This simple recipe for early autumn is a nutritious lunch or dinner. This year we got so many green bell peppers from the garden that I was running out of ideas on how to use it. This recipe took care of 13 of them.

My family loves Mexican food and on special occasions like birthdays like to make a bunch of it - I should probably call Tex-Mex - which is an American version of Mexican cuisine. Anyway....

Those stuffed peppers are great for cold weather, and the best part of it is that you cook once for 2-3 days.


  • 13 green bell peppers

  • 16 oz of ground pork

  • 8 oz of ground beef (90%/10%)

  • 3 tomatoes - peeled and deseeded

  • 3 dry chilies (hole)

  • 1 can of black beans

  • 1 can of corn

  • 2 tbsp od tomato paste

  • 1 cup of rice (dry)

  • 1 onion

  • 2 cloves of garlic

  • 1/2 cumin

  • 1 tsp of smoked paprika

  • 1 tbsp of paprika

  • 1 tsp of oregano

  • 1 tsp of dry chili

  • 1 tbsp of 100% cocoa powder

  • salt and black pepper

  • 3 tbsp of olive oil

  • 12 tbsp of asadero cheese for garnish


Step 1

Rinse and cook the rice.

Peel and finely chop the onion and garlic.
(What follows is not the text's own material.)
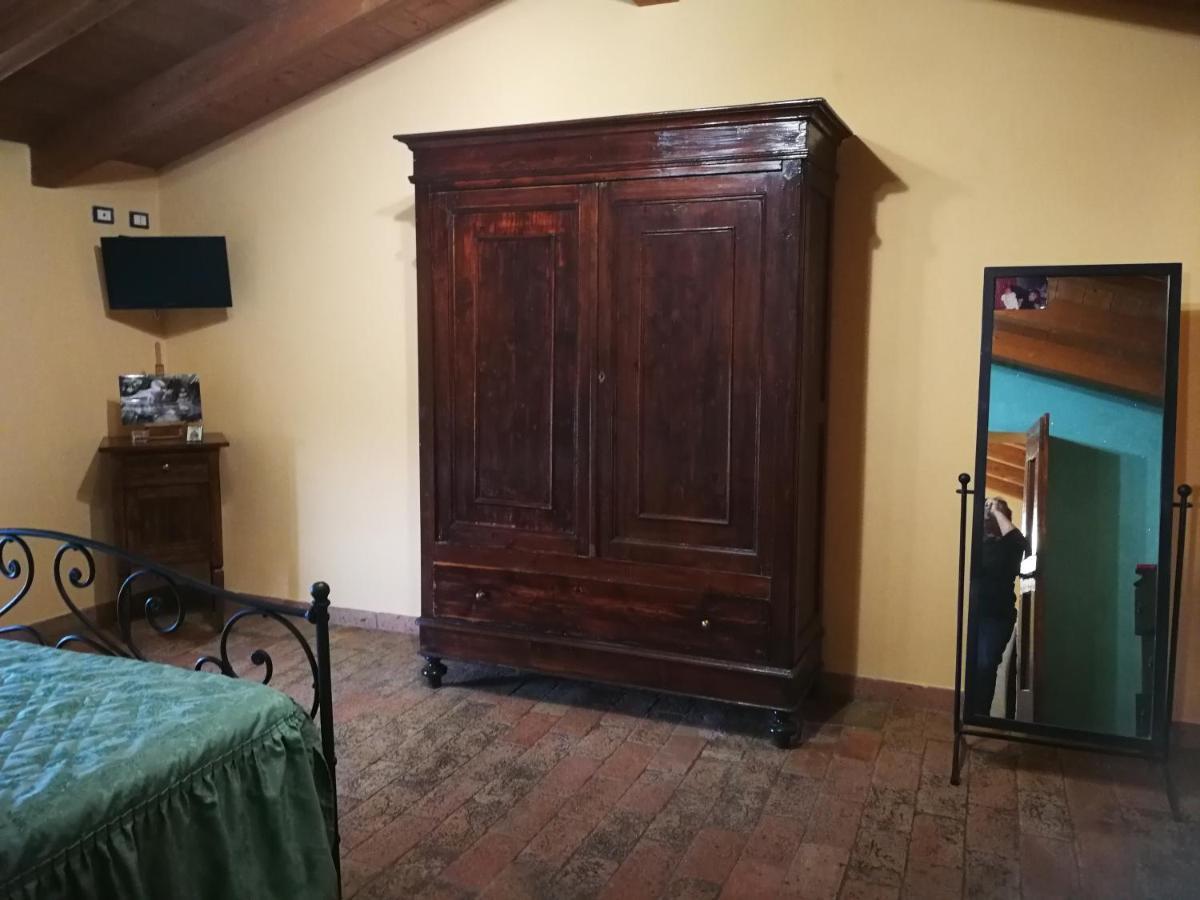 Corte Ventaglio Campitello  Exteriör bild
Peel, deseed and chop tomatoes.

Step 2

Wash all the green bell peppers but chop just 1 of it. The rest cut off the top, take out the seeds and cut out the stamp. Place them in a baking dish, and put the tops.

Step 3

In a big frying pan, heat up the 1 tbsp of olive oil, add the onion and garlic. Fry it on a medium heat until golden brown. Add the minced meat both pork and beef, and sear it for a couple of minutes.

Add salt, pepper, and all the other spices.

Step 4

Move the meat mixture into a dutch oven, add chopped tomatoes, beans, corn and dry chillies.

Step 5

On the frying pan with 1 tbsp of oil sear the chopped green bell pepper, and add it to the dutch oven. Mix everything well, cover and cook on low heat for about 45 min. After that time add the cocoa powder and again mix everything. Cook for another 10 - 15 min, after turning off the heat and let it cool down a bit.

Preheat the oven to 350 F.

Step 6

In a big bowl mix together the chili and the rice. Using a table spoon, stuff each of the peppers with the mixture, garnish with grated cheese and put the top back on. Using a brush spread some olive oil on top.

Place 1/4 cup of the water at the bottom of a baking dish to prevent the bottom from burning. Place in the oven and bake for 40 min. 

Step 7 

Serve it with guacamole, pico de gallo, greek yogurt (instead of sour cream) and garnish cilantro, and a side of some lettuce salad.